コロンビア革命軍(FARC)は2016年に政府と和平協定を締結したが、ELNを含む左翼ゲリラや右派の準軍組織は軍と警察に対する攻撃を続けている。
ペトロ氏は内戦の完全終結を目指し、戦闘ではなく交渉で問題を解決すると約束している。
前任のドゥケ(Ivan Duque)前大統領は首都ボゴタの警察学校で発生した自動車爆弾テロを受け、ELNとの和平交渉を打ち切った。

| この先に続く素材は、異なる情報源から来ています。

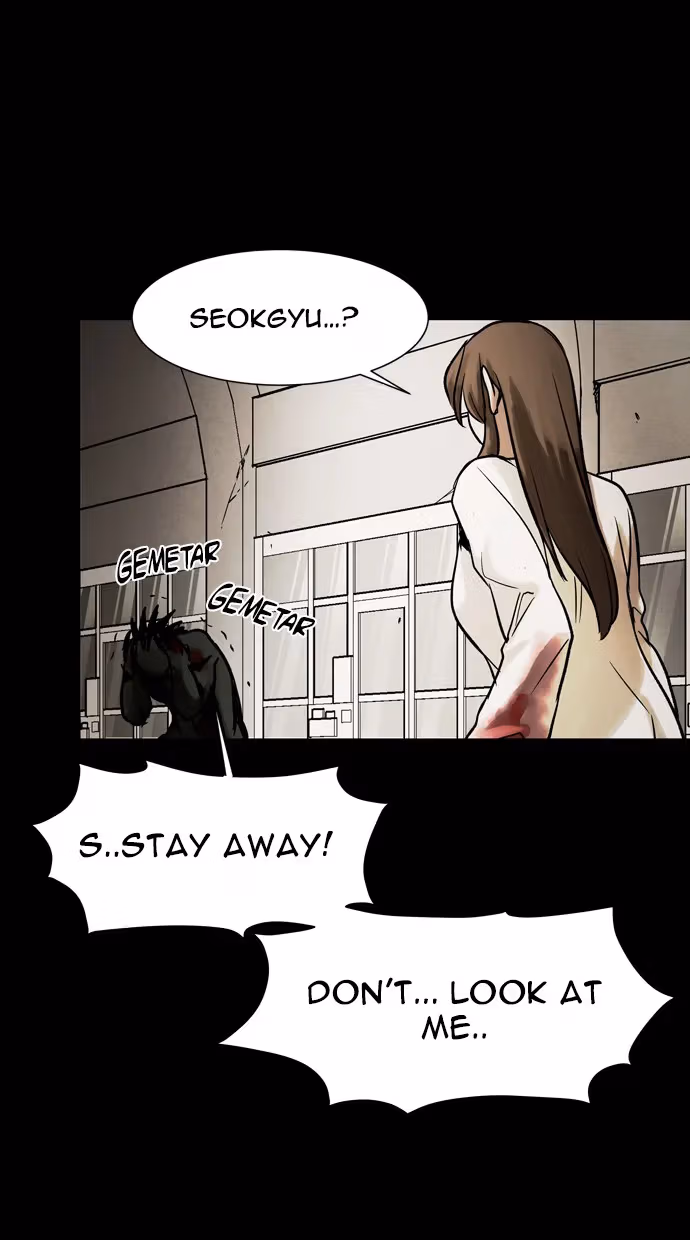 Infectee Chapter 35 page 69 -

この攻撃では士官候補生22人が死亡している。
ペトロ氏は2日の攻撃に関与した組織には言及しなかったが、国営テレビは治安筋の話を引用し、「FARCと対立する組織が関与した可能性が高い」と報じている。
一部の専門家は、「これらの反体制派は左翼ゲリラの指導者であったペトロ氏が政府に寝返ったと考え、軍や警察だけでなく政府寄りのゲリラにも攻撃を仕掛ける可能性がある」と警告している。
政府の推計によると、反体制派の戦闘員は2400人にのぼり、警察の機動隊が使用する防具や銃器が流通しているという。
一部の反体制派は麻薬カルテルと連携したり、自ら麻薬を密売して利益を上げるなどして銃火器を購入しているとみられる。
報道によると、ベネズエラ国境付近で反体制派と政府寄りの左翼ゲリラの戦闘が続いているという。警察は最近、この戦闘で反体制派の著名な司令官数人が死亡したと報告した。
60年近く続く内戦の犠牲者は45万人以上と推定されている。